## Exercise
How many lines in the records below contain the word "image"? Give only the number.

Stored data entries:
****************************************

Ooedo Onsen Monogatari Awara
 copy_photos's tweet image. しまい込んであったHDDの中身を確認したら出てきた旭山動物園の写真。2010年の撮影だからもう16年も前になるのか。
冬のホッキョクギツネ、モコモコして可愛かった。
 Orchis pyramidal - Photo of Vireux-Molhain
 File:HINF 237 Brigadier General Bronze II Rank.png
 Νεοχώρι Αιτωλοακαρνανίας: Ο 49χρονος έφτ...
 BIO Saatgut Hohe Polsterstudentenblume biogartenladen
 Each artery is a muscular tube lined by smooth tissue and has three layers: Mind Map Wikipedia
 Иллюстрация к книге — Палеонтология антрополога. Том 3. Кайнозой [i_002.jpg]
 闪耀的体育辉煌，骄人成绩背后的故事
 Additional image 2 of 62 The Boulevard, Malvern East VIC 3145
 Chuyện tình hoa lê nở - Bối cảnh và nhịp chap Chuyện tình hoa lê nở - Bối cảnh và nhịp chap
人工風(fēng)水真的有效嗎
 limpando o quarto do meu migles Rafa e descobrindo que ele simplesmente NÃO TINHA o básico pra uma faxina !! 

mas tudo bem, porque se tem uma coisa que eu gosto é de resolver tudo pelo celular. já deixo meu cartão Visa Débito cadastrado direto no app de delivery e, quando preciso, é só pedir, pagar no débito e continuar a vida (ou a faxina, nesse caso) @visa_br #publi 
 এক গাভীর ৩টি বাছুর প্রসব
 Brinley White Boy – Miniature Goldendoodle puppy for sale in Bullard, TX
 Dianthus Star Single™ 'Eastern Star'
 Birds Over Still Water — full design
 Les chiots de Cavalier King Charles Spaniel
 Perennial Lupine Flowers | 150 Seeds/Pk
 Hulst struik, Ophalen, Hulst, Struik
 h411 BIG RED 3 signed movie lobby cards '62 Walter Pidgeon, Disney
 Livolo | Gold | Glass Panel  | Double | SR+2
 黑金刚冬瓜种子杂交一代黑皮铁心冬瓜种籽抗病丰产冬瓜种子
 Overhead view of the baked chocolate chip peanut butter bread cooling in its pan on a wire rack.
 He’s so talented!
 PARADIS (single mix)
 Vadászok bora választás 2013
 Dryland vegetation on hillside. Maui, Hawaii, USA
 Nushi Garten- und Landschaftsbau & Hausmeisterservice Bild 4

****************************************

## Result of the task
2